= RespireRx =

Pharmaceutical company

RespireRx Pharmaceuticals Inc. (until 2015 Cortex Pharmaceuticals, Inc.) is a pharmaceutical company based in Glen Rock, New Jersey specializing in positive allosteric modulators of the AMPA receptor known as Ampakines and cannabinoids.

==History==
In February 2005, Cortex received U.S. Food and Drug Administration approval to begin Phase II clinical trials for CX717 for use as a treatment for Alzheimer’s, ADHD and Sleep disorders.
In 2006, The FDA halted clinical trials for CX717 because they feared the drug was toxic. They later allowed testing to continue but at doses too low to have any effect.
In July 2007, The FDA gave Cortex permission to continue with clinical trials for CX717, as a treatment for Alzheimer's disease.
In September 2007, Cortex filed with the FDA to test CX717 as a treatment for ADHD.
In October 2007, Dr. Pierre Tran became Chief Medical Officer at Cortex after the FDA refused to let the company proceed with Phase II clinical trials for CX717 as a treatment for ADHD.
In March 2008, German regulators approved clinical studies for using CX717 to prevent breathing problems caused by opiate pain-killers. In May 2008, President and CEO Dr. Roger Stoll announced that he was resigning and would be replaced by Mark Varney. In March 2013, Dr. Arnold S. Lippa, was named chairman, President, and CEO, taking over leadership of the company. In August 2015, Dr. James S. Manuso, was appointed president, CEO, and Vice Chairman. Dr. Manuso led the company until his resignation on September 30, 2018. Following his departure, Dr. Arnold S. Lippa returned to the leadership team as Interim Chief Executive Officer and Interim President on October 12, 2018, positions he held until May 6, 2020. Timothy Jones assumed the roles of President and CEO until January 31, 2022. Currently, Dr. Arnold S. Lippa is Interim CEO and Interim President, while continuing to serve as Executive Chairman and Chief Scientific Officer (as of 2025).

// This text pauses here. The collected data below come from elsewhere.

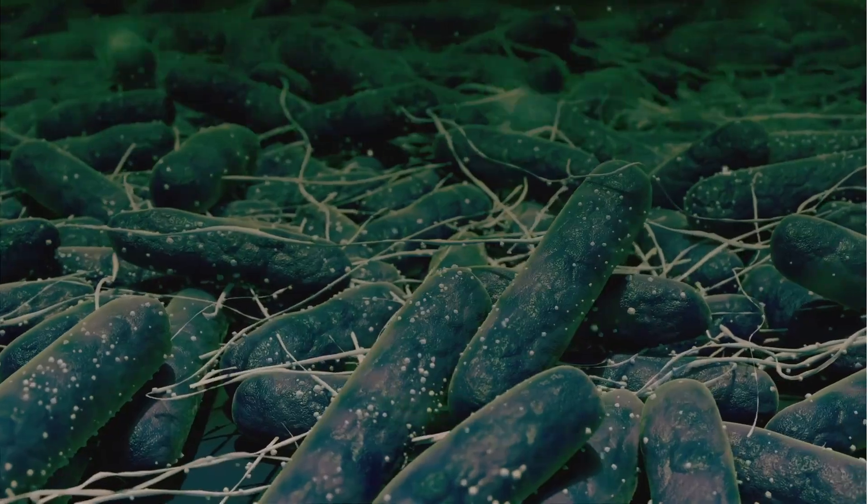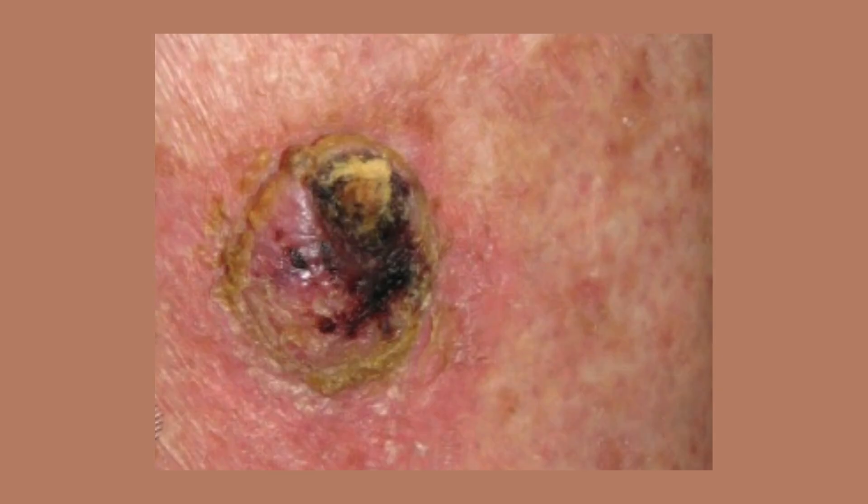In this video, I am going to show you why debridement is one of the most powerful and misunderstood tools in wound care. Debridement isn't just cleaning a wound — it's removing what's stopping the body from healing, like biofilm, slough, and necrosis.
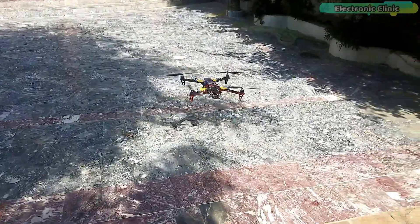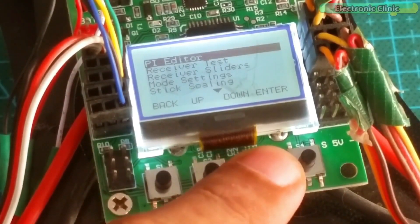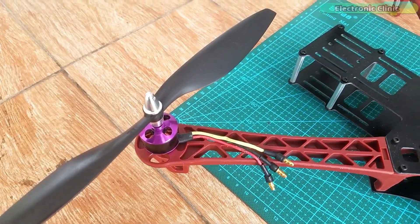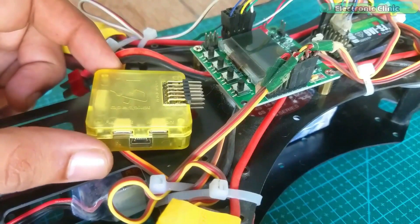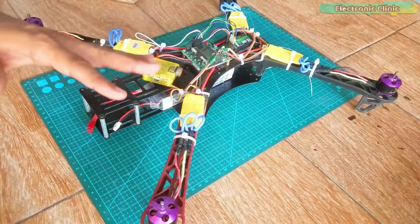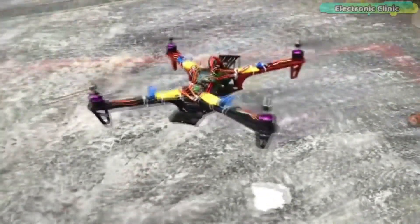In my previous two video tutorials, I explained how to make a quadcopter drone using the CC3D OpenPilot Flight Controller and the KK2.1.5 Flight Controller. I made a very fair comparison between the two flight controllers and finally recommended the KK2.1.5 for beginners, as it's easy to set up and you don't need a computer or laptop. I checked the quadcopter drone stability and it was simply amazing, but it still had some issues.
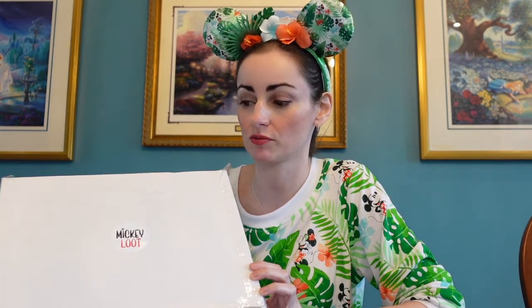Welcome back to the channel everybody. Today we have our very first Mickey Loot unboxing. This is an A-Ticket Mickey Loot box and it sells for $40 US. It's going to be full of Disney Park items.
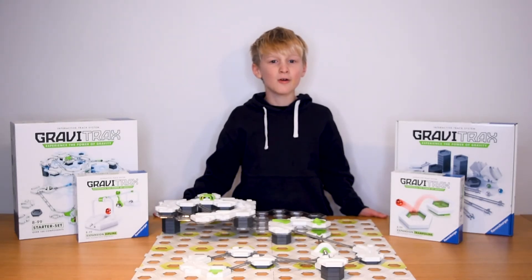GraviTraxxers, here's a handy tutorial for you to up your marble game. Watch it to see how to create something incredible!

On June 13, 2018, RespireRx Pharmaceuticals Inc. entered into a letter of intent with Noramco Inc., a producer of controlled substances bulk APIs for the pharmaceutical industry, pursuant to which the parties have entered into a 90-day period, during which they will negotiate a definitive agreement regarding the RespireRx's development of dronabinol, a synthetic cannabinoid, also known as Δ9-tetrahydrocannabinol or Δ9-THC.

As of October 2025, none of the company's drug candidates have received regulatory approval (latest Form 10-K report December 2022).